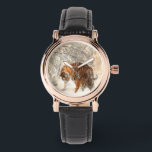 Montre tigres sur neige<br><div class="desc">Maman tigre et enfant marchant sur la neige.</div>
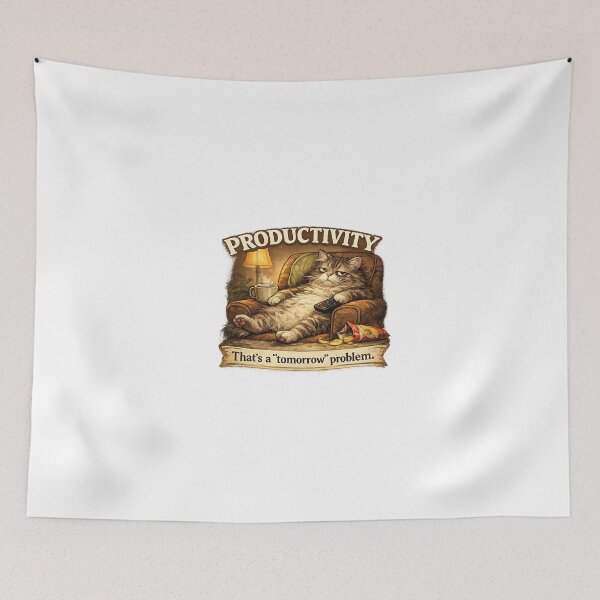 Item preview, Productivity That's a Tomorrow Problem Funny Cat designed and sold by RetroPop23.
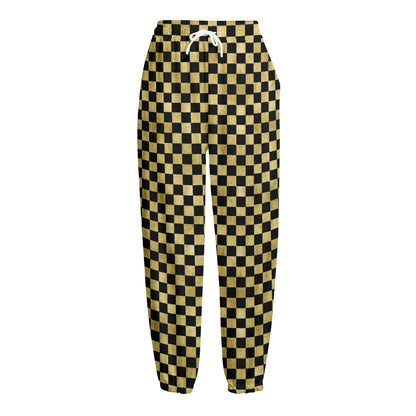 Gold And Black Checkered Pattern Print Fleece Lined Knit Pants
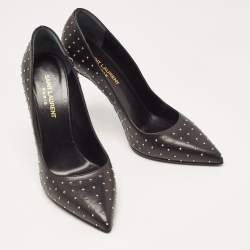 Saint Laurent Black Studded Leather Pointed Toe Pumps Size 38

——————

▶ [Your task]: Without including any images, output the data exactly as given.

▶ [Completed exercise]:
 Montre tigres sur neige<br><div class="desc">Maman tigre et enfant marchant sur la neige.</div>
 Item preview, Productivity That's a Tomorrow Problem Funny Cat designed and sold by RetroPop23.
 Gold And Black Checkered Pattern Print Fleece Lined Knit Pants
 Saint Laurent Black Studded Leather Pointed Toe Pumps Size 38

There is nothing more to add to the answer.